Britain's defense secretary, Des Browne, has disclosed in parliament the findings of two inquiries examining the March 23 boarding incident in the Gulf that led to the two-week detention in Iran of 15 British marines and sailors. For VOA, Tom Rivers reports from London.
While acknowledging the incident was embarrassing, Browne told his parliamentary colleagues that lessons would be learned and implemented.
U.S. and British officials said the sailors and marines had boarded a merchant ship and were searching it when they and their two inflatable boats were intercepted by Iranian vessels near the disputed Shatt al-Arab waterway.
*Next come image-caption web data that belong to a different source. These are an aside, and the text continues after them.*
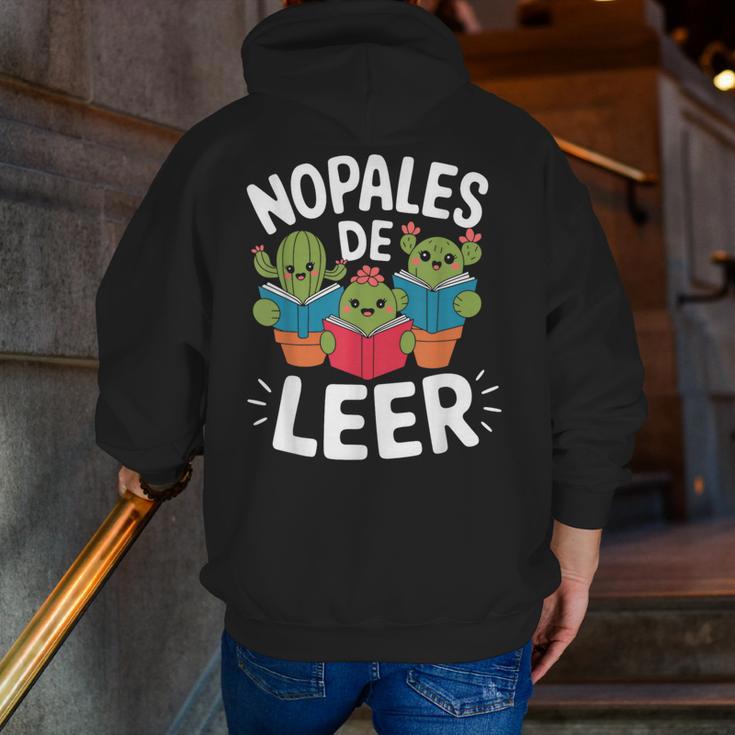 Nopales De Leer Bilingual Teacher Maestra Spanish Teacher Men Zip Up Hoodie Back Print, funny gift
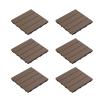 imagePure Garden Patio and Deck Tiles  24Pack Interlocking 12x12 Wood Plastic Composite WeatherResistant Outdoor Flooring Pavers BrownBrown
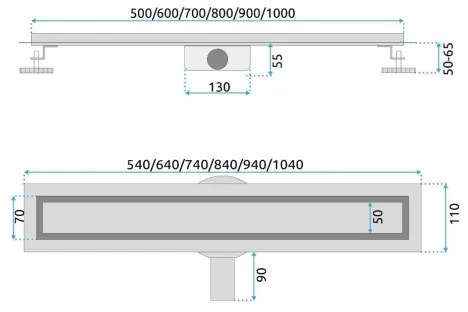 REA-G7803 - Canalina di scarico NEOX PRO 80 cm in acciaio inox/nero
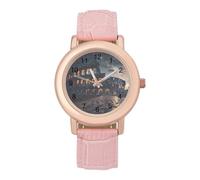 Italy Ancient Roman Landmarks Night Women's PU Leather Strap Watch Analog Quartz Watch Casual Wristwatch for Home Work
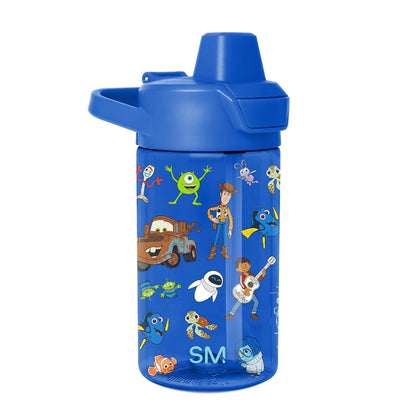 Simple Modern Summit Botella Tritan para Niños, 12 oz, Diseños con Licencia - Disney: Pixar Mashup on Blue - Tapa cubierta | 12 onzas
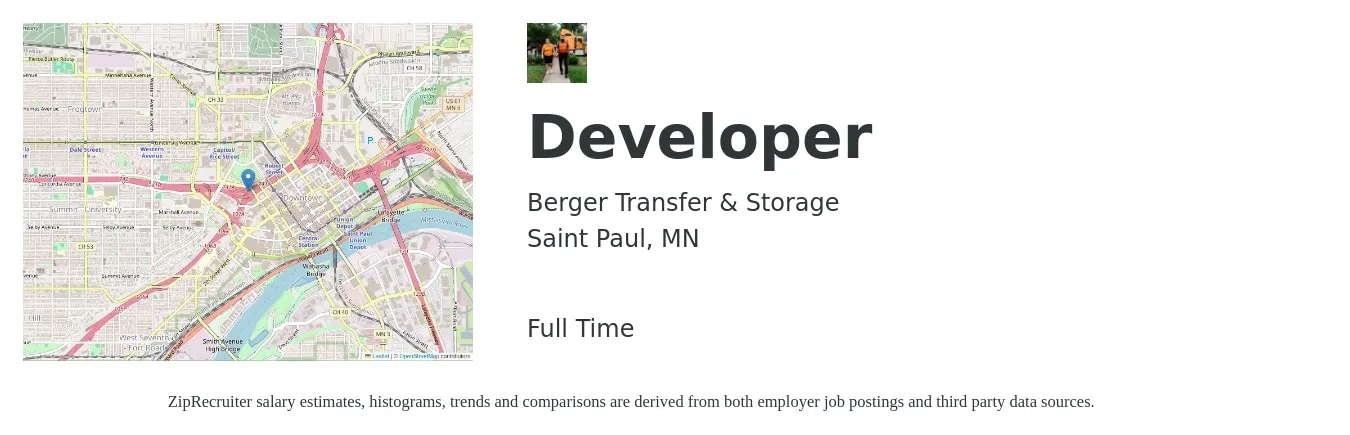 Berger Transfer & Storage job posting for a Developer in Saint Paul, MN with a salary of $91,000 to $131,500 Yearly with a map of Saint Paul location.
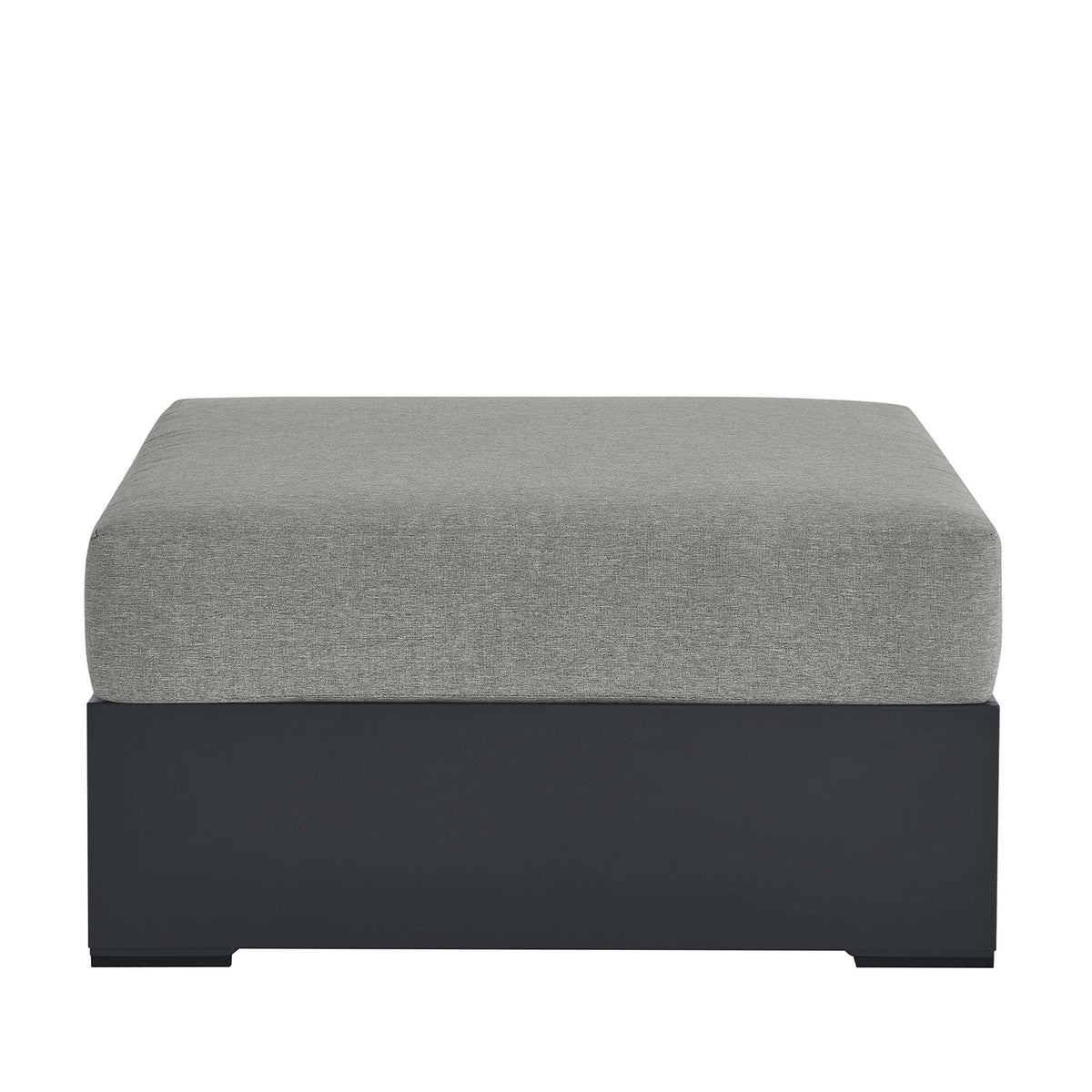 Tahoe Gray Outdoor Patio Powder-Coated Aluminum Ottoman - Ornate Home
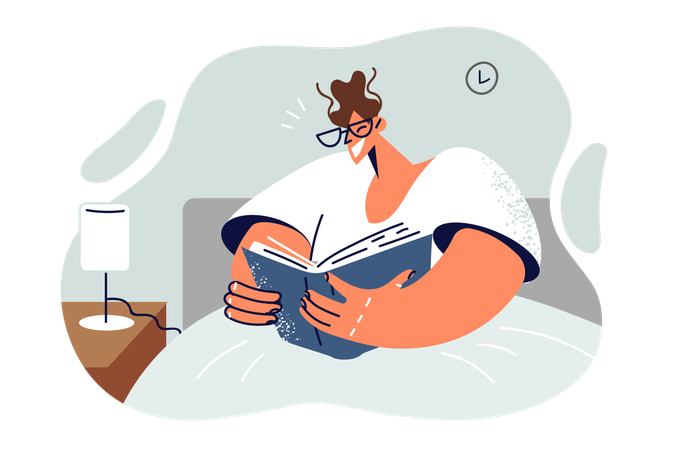 Man reads book sitting in bed before going to sleep and enjoys gaining new knowledge from literature  Illustration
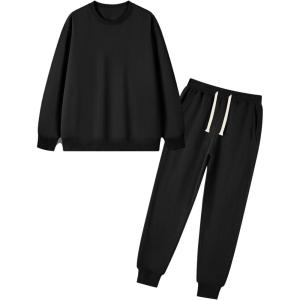imageFlygo Boys Girls 2 Piece Tracksuit Athletic Sweatsuits Set Unisex Kids Crewneck Sweatshirt and Jogger Sweatpants with PocketsBlack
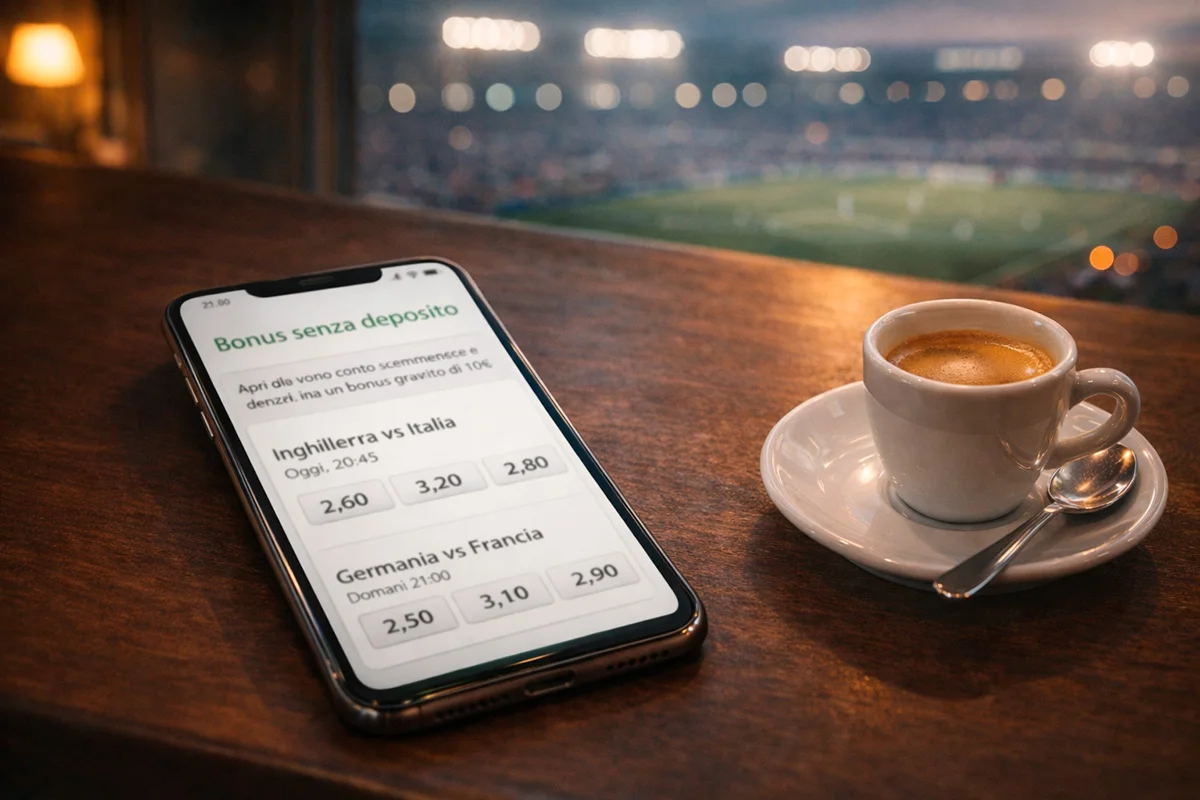 Smartphone appoggiato su un tavolo con un campo da calcio illuminato sullo sfondo
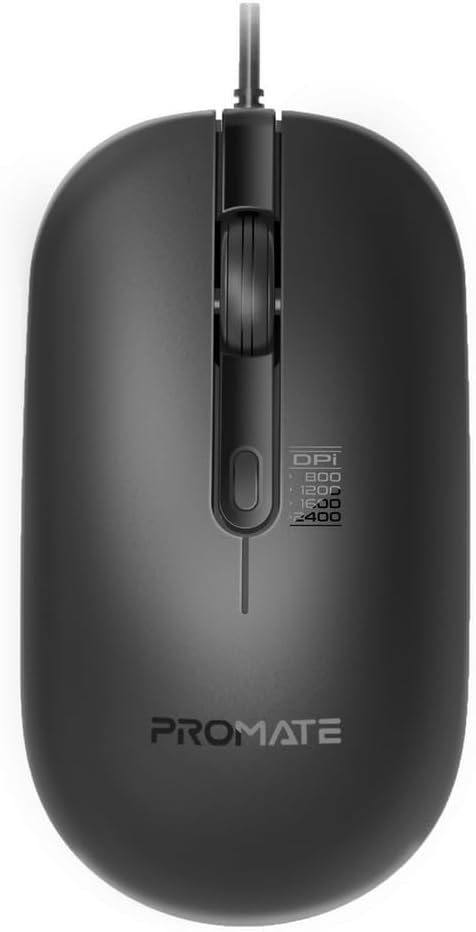Promate Wired Mouse with 6 million Keystrokes, Adjustable 2400DPI, 4 Programmable Buttons, 1.5m Cord and Anti-Slip Grip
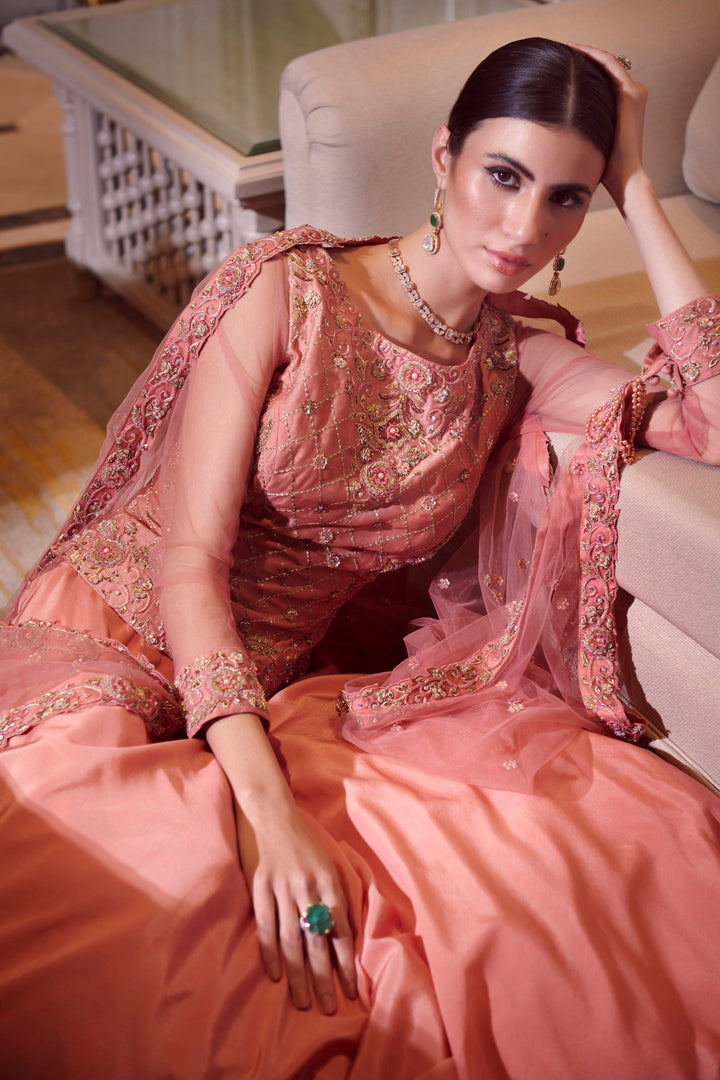 Pink Coral Sharara Set With An Embroidered Dupatta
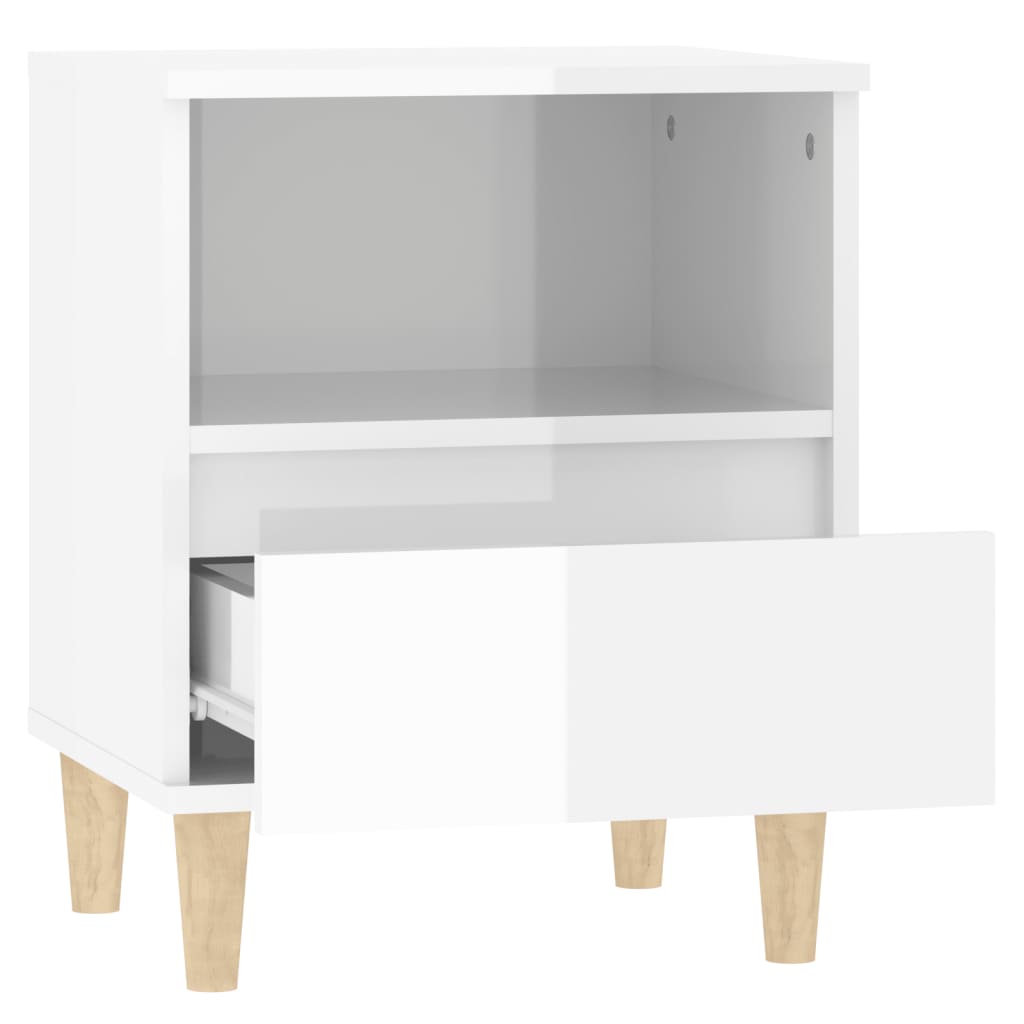 Comodini 2 pz in Bianco Lucido 40x35x50 cm - homemem39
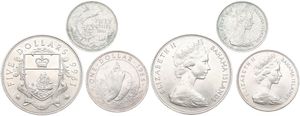 Bahamas, Commonwealth, Elizabeth II, Nice set with : 50 Cents, 1 & 5 Dollars Silver 1966, Various designs, KM 7, 8 & 10, UNC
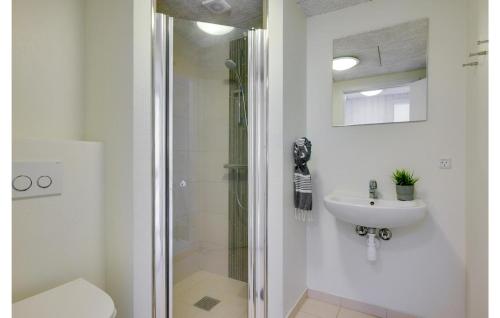 bagno con doccia e lavandino di 8 Bedroom Lovely Home In Frederiksvrk a Frederiksværk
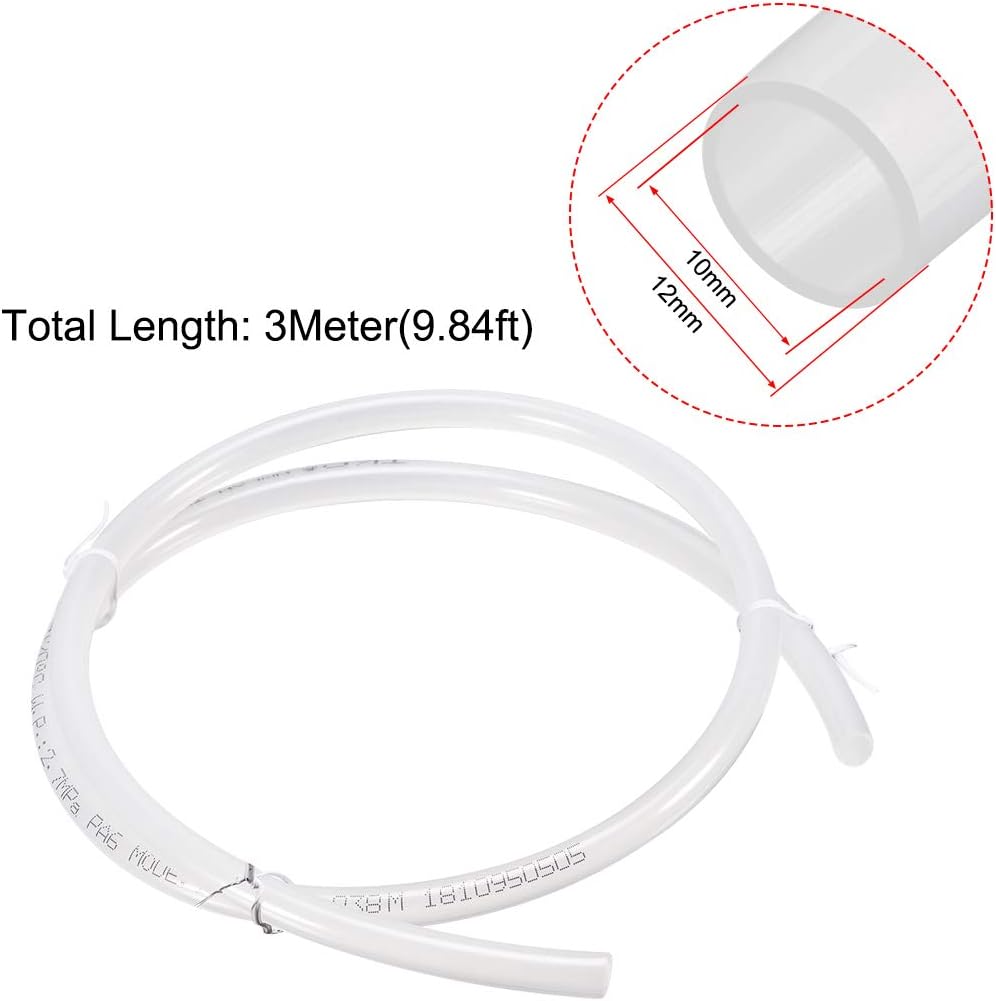 sourcing map Pneumatic Tubing, 12mm(1/2") OD x 10mm ID 10ft Air Brake Tubing Nylon Air Line Hose Clear, 12mm x 10mm x 3.0m - Image 3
Browne said no single person was to blame.
He told members of parliament that a series of vulnerabilities were behind the capture of the British crew. But he says the party did have adequate aerial helicopter back-up and the naval vessel, HMS Cornwall, was playing an adequate support role as the event unfolded. "This event was not the result of equipment or resource issues including helicopter availability, the size and suitability of the Cornwall or the size and armament of the boarding party's boats," he said.
Without going into detail, Browne admitted to intelligence shortcomings among coalition partners, behind the scenes, as the event unfolded. He said those shortcomings are being rectified.
He also stressed that British boarding party members would now be given additional training. "In future , we deploy specialist rather than composite [generalist] teams for boarding operations, a recommendation we have already acted on," he said.
A second inquiry dealt with the decision, when the 15 detainees were released, that allowed them to sell their stories to the British media, a decision that Defense Secretary Browne now says was wrong. "I welcome the report's clear recommendation that media payments to serving military or civilian personnel for talking about their work should simply not be allowed. This confirms my announcement on the 9th of April of an interim ban on acceptance of media payments, and work is now under way to make detailed amendments to service and MOD [Ministry of Defense] guidance to reflect his conclusion," he said.
Defense Secretary Browne expects most of the recommendations contained in the two reports to be implemented by the end of the year.